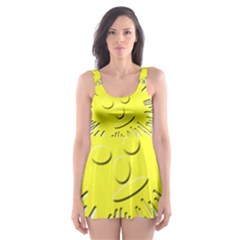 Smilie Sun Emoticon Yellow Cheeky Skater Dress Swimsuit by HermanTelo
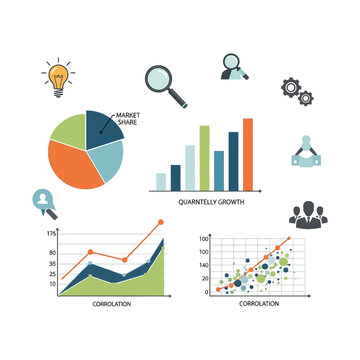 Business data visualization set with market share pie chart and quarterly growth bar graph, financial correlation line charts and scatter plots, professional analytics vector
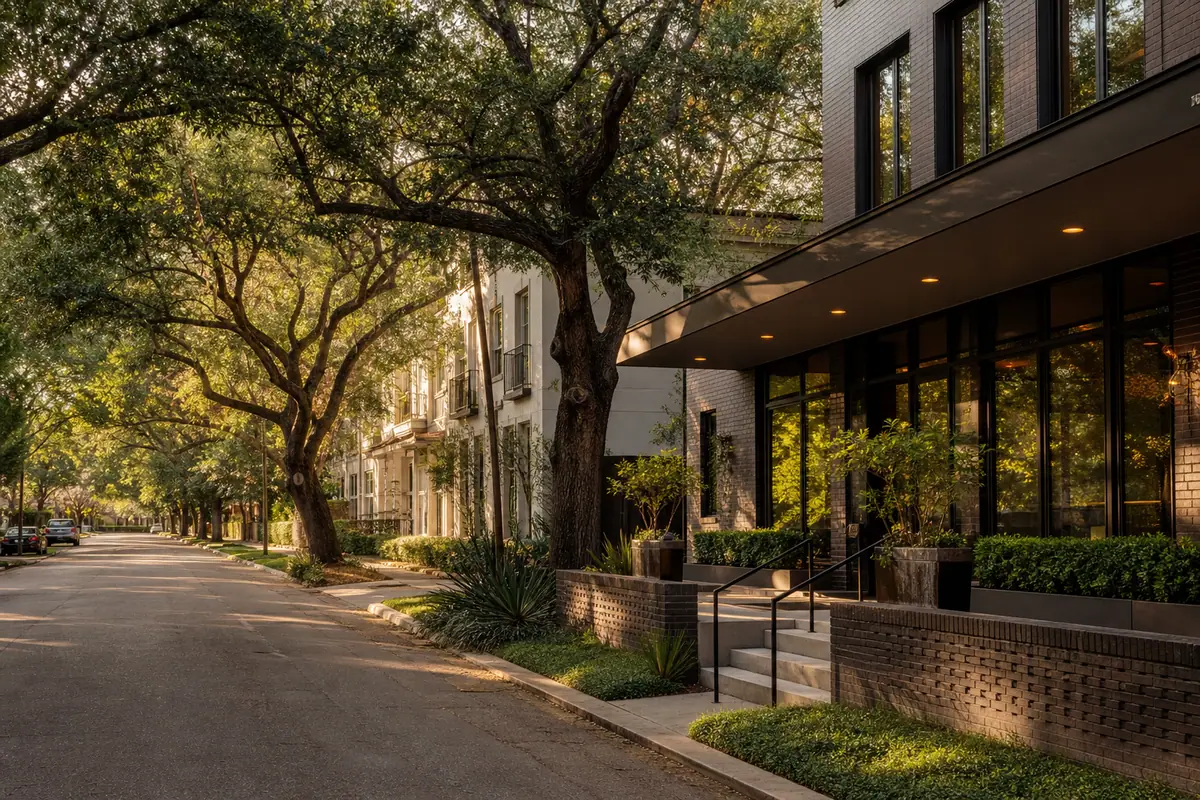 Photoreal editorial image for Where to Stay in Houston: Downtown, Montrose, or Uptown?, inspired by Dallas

● **Work order**: Print, exactly as written, the lines above from the first one to the one containing "Business data visualization". Leave out pictures.

● **Exercise solution**:
 Smilie Sun Emoticon Yellow Cheeky Skater Dress Swimsuit by HermanTelo
 Business data visualization set with market share pie chart and quarterly growth bar graph, financial correlation line charts and scatter plots, professional analytics vector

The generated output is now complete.